___ EXERCISE MATERIAL ___

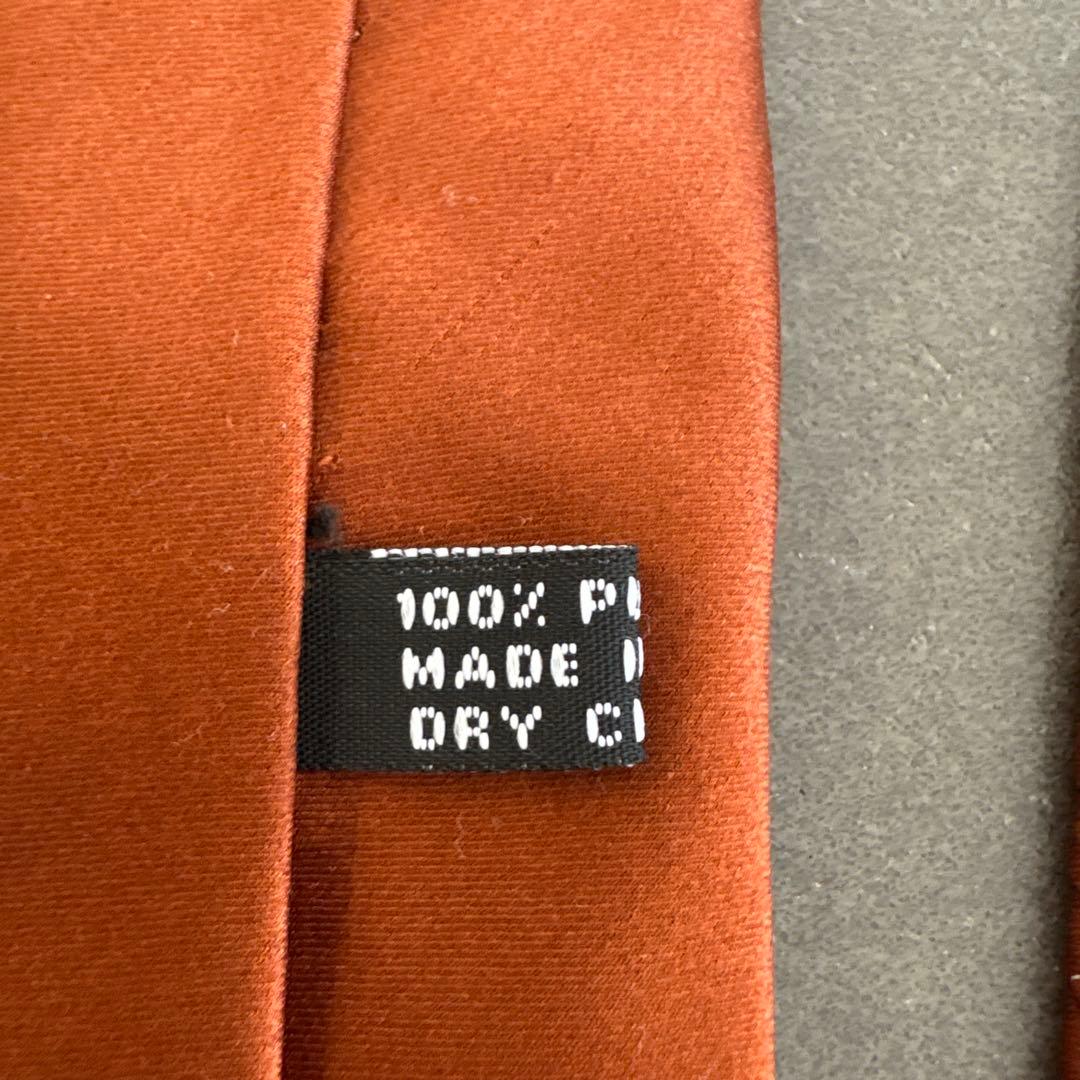 【未使用品級】ステファノリッチ ソリッドタイ プリーツ加工 オレンジ ネクタイ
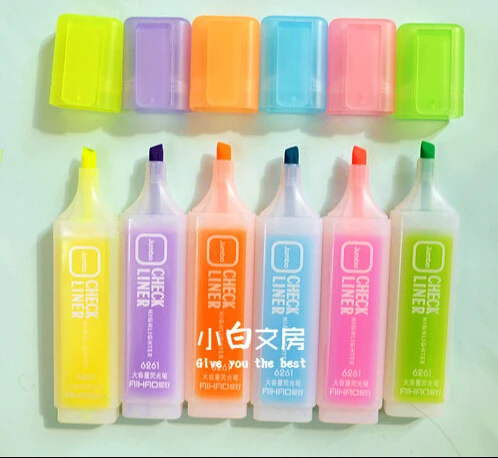 Large Capacity Highlighter Pen Flat Marker Stationery 6 Pieces/Lot School Supplies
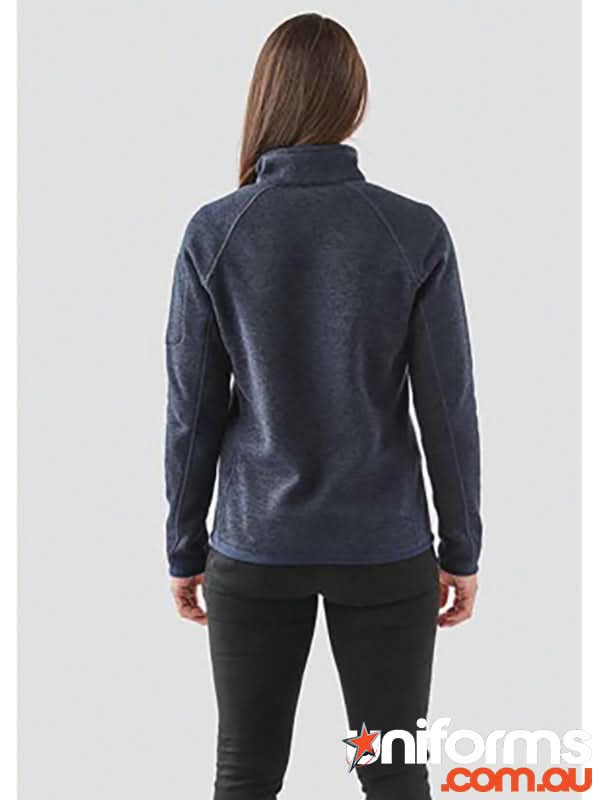 Navy blue fleece jacket Avalanche Qtr Zip Pullover with low-profile chin saver and sweater knit fleece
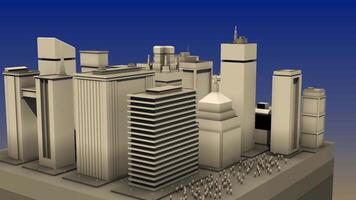 Abstract 3D layout of city. Animation. Model layout and landscape of modern city with high-rises. Modern graphic model of city from all sides on changing background video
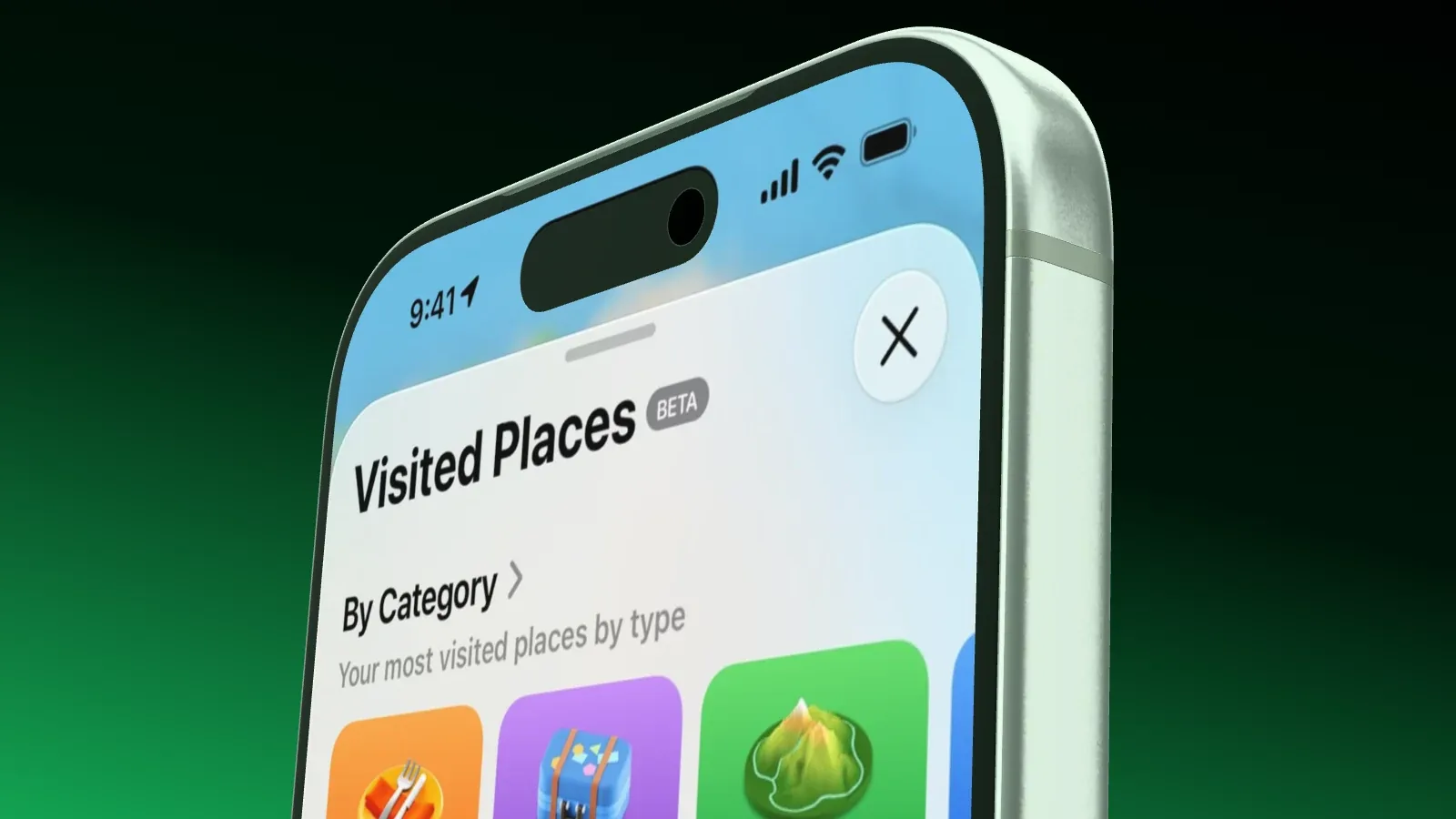 The top corner of an iPhone 17 Pro up close against a black to green gradient, with the Dynamic Island and a clean status bar showing 9:41.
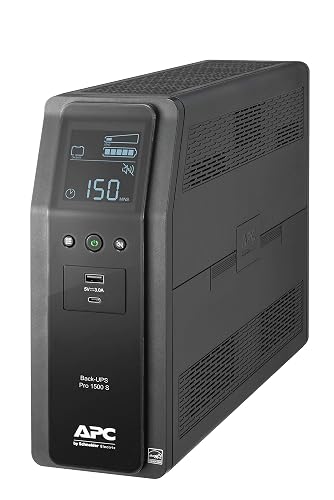 APC BR1500MS2 Pure Sine Wave UPS Battery Backup & Surge Protector | 1500VA/900W Back-UPS Pro sinewave UPS for PC, Gaming, electronics. 10 Outlets. USB-C charging. UL & Energy Star certified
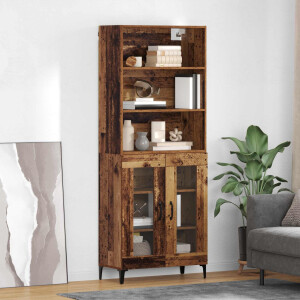 vidaXL Hoge kast Oud Hout 69,5 x 34 x 180 cm Bewerkt hout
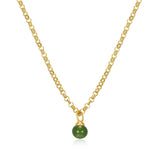 Green Nephrite Jade Solitaire Bead Necklace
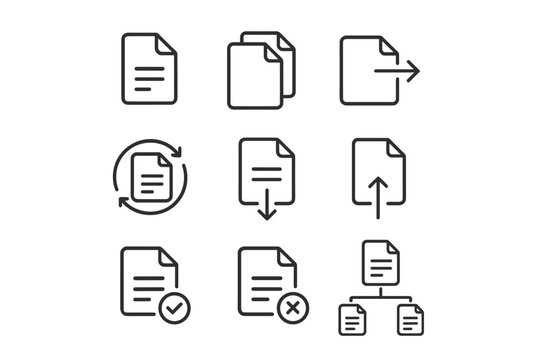 Simple Document Flow Management Line Icons Set, Vector Illustration with Transparent Background, Ordered Vector Graphics for Workflow and File Process Concepts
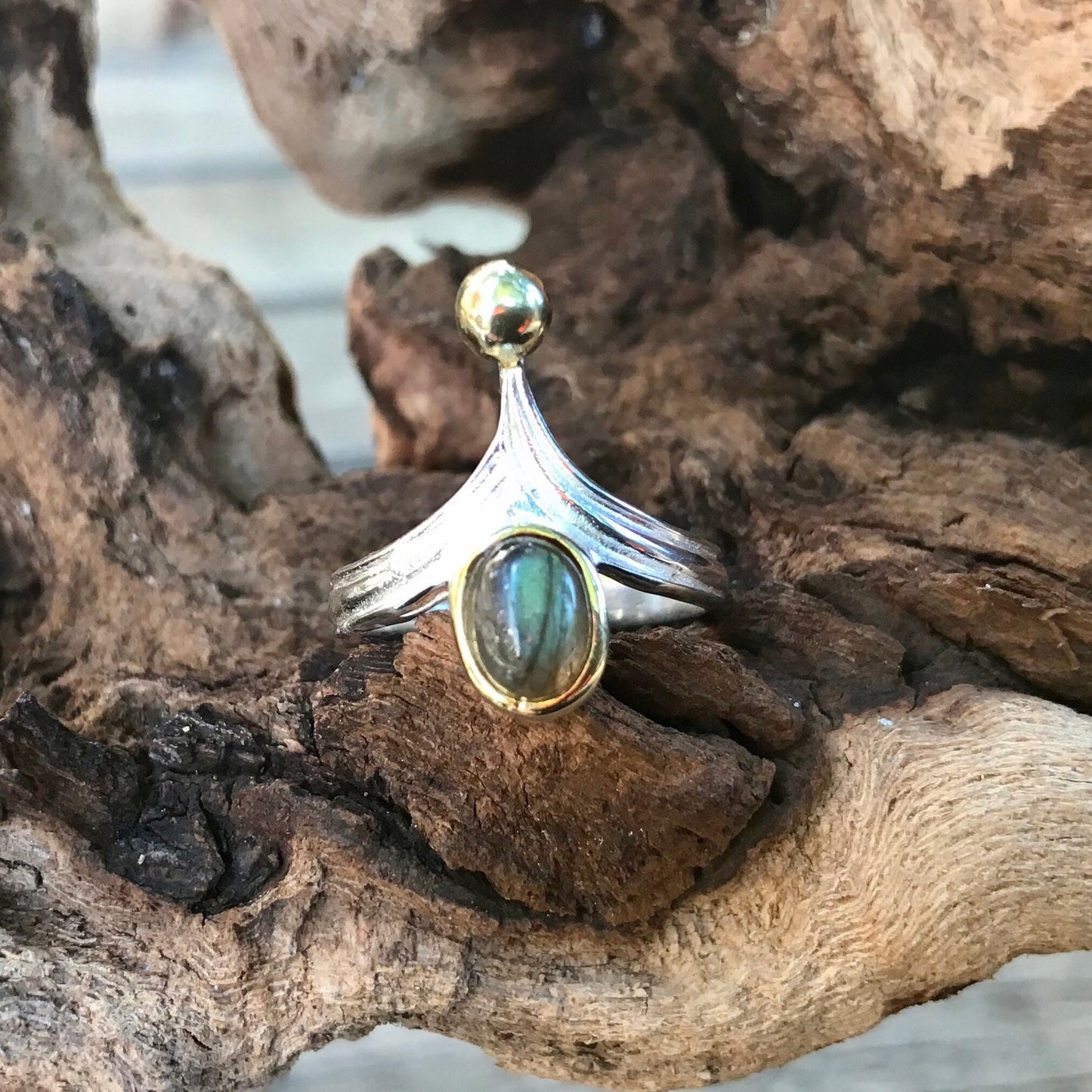 Handmade Sterling Statement labradorite ring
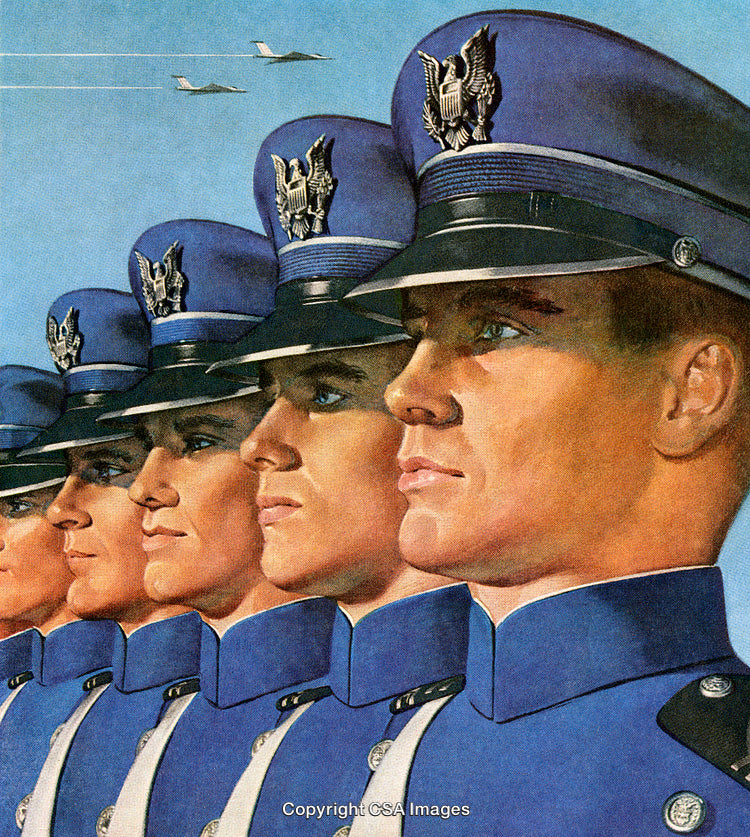 Row of Uniformed Officers in Blue Hats With Airplanes Above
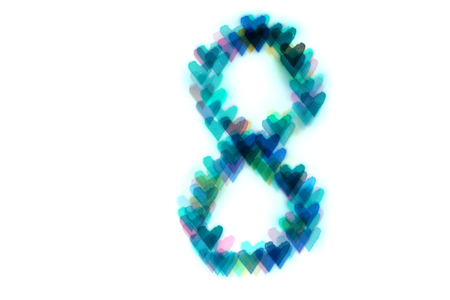 created figure 8 from a colorful bokeh on a white background.International women's day.March 8.の写真素材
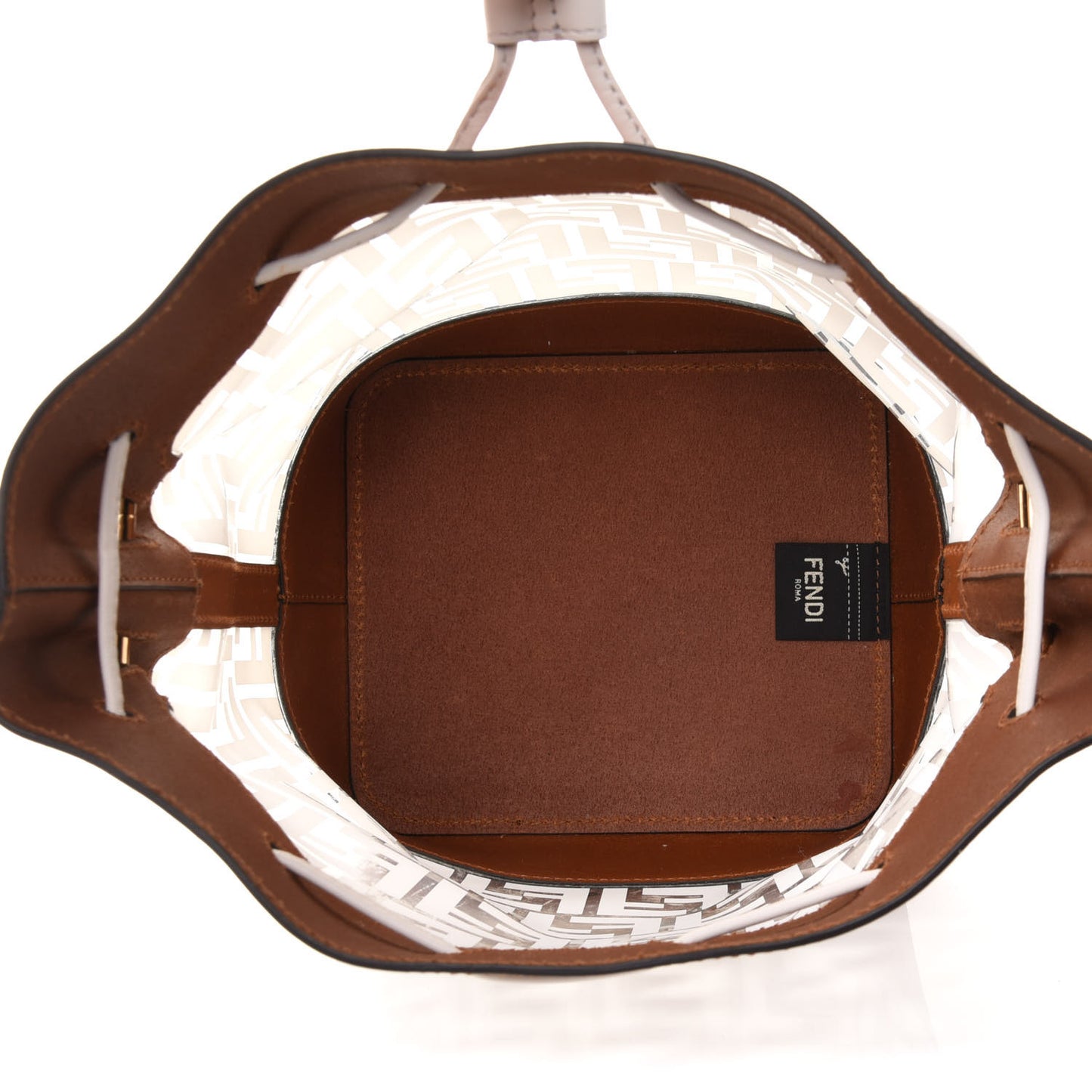 TPU FF Vitello Aura F is Fendi Grande Mon Tresor Bucket Bag White Cuoio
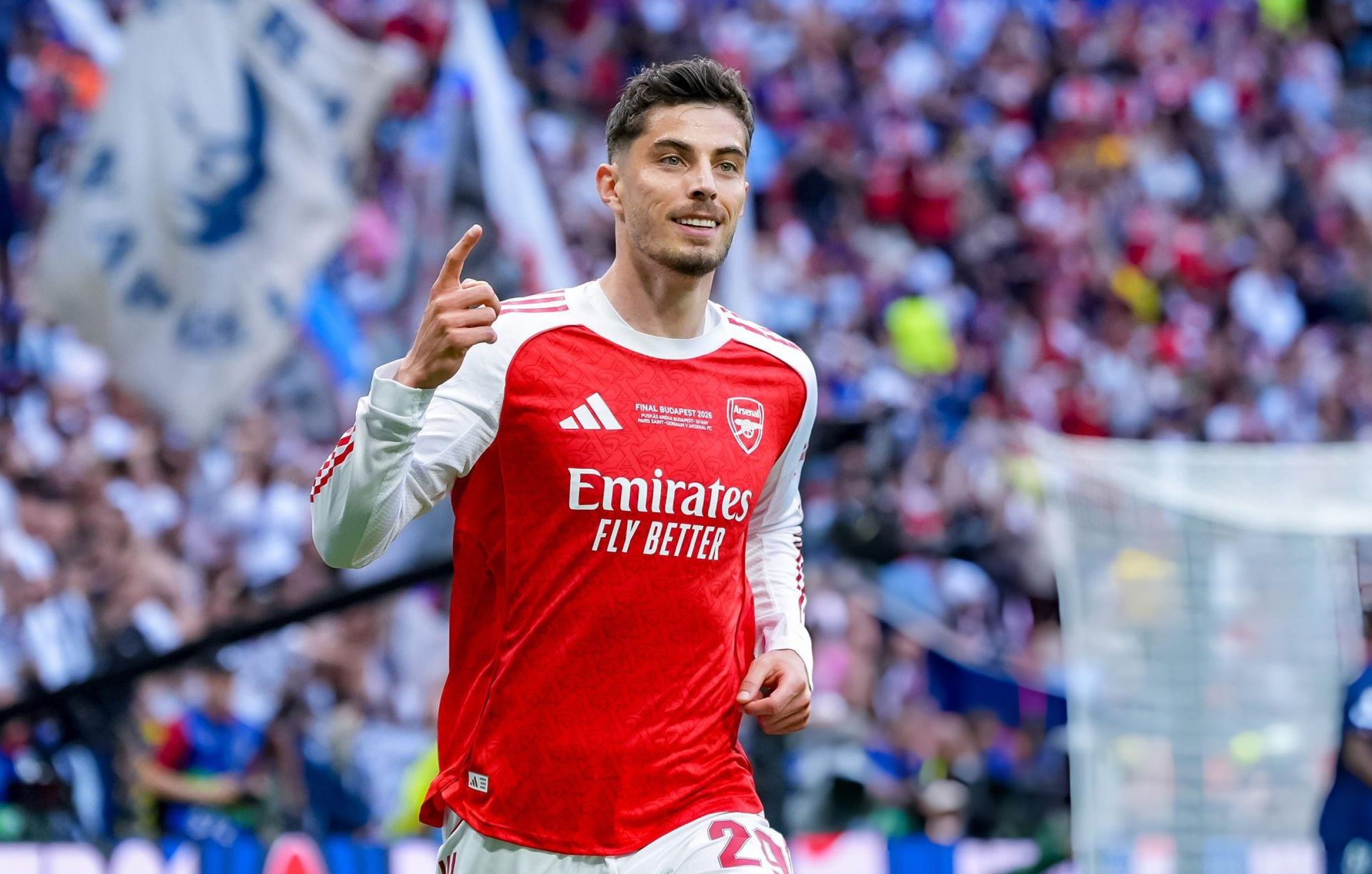 Kai Havertz celebrates after putting Arsenal ahead in the 2025-26 Champions League final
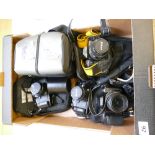 a collection of Nikon branded 35mm camera equipment inluding F301,F50,F401x cameraa bodies fitted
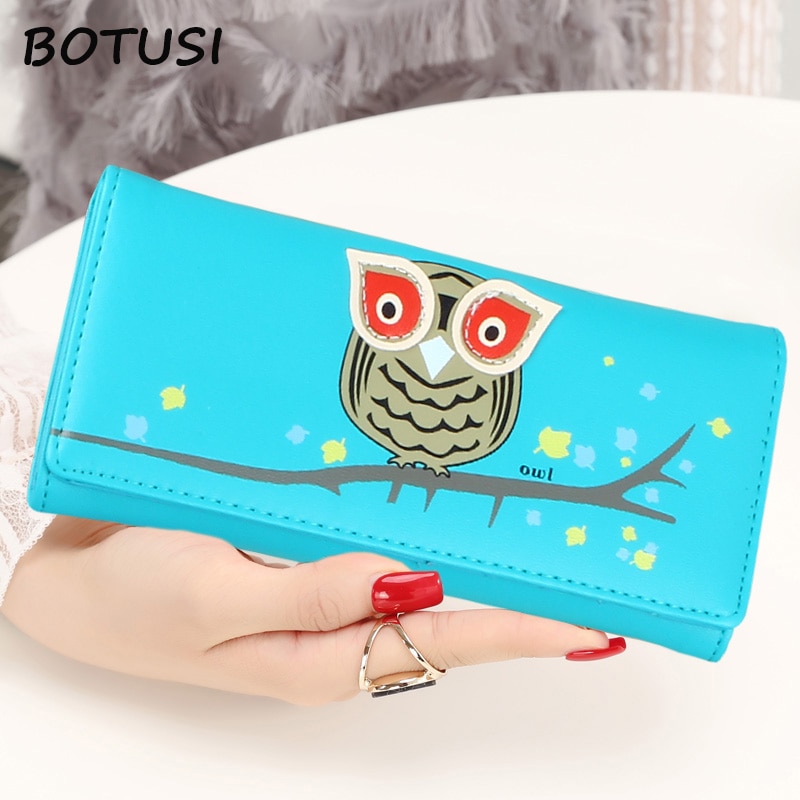 Botusi carteira de coruja para mulheres, desenho animado, porta-cartões, de couro, capa para passaporte, moda feminina, simples, multifuncional: SKYBLUE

___

> ASSIGNMENT
Please repeat, exactly and with nothing else, the lines from the one containing "vidaXL Hoge kast" to the last line of the entries, both included, excluding any pictures.

> TASK RESPONSE
 vidaXL Hoge kast Oud Hout 69,5 x 34 x 180 cm Bewerkt hout
 Green Nephrite Jade Solitaire Bead Necklace
 Simple Document Flow Management Line Icons Set, Vector Illustration with Transparent Background, Ordered Vector Graphics for Workflow and File Process Concepts
 Handmade Sterling Statement labradorite ring
 Row of Uniformed Officers in Blue Hats With Airplanes Above
 created figure 8 from a colorful bokeh on a white background.International women's day.March 8.の写真素材
 TPU FF Vitello Aura F is Fendi Grande Mon Tresor Bucket Bag White Cuoio
 Kai Havertz celebrates after putting Arsenal ahead in the 2025-26 Champions League final
 a collection of Nikon branded 35mm camera equipment inluding F301,F50,F401x cameraa bodies fitted
 Botusi carteira de coruja para mulheres, desenho animado, porta-cartões, de couro, capa para passaporte, moda feminina, simples, multifuncional: SKYBLUE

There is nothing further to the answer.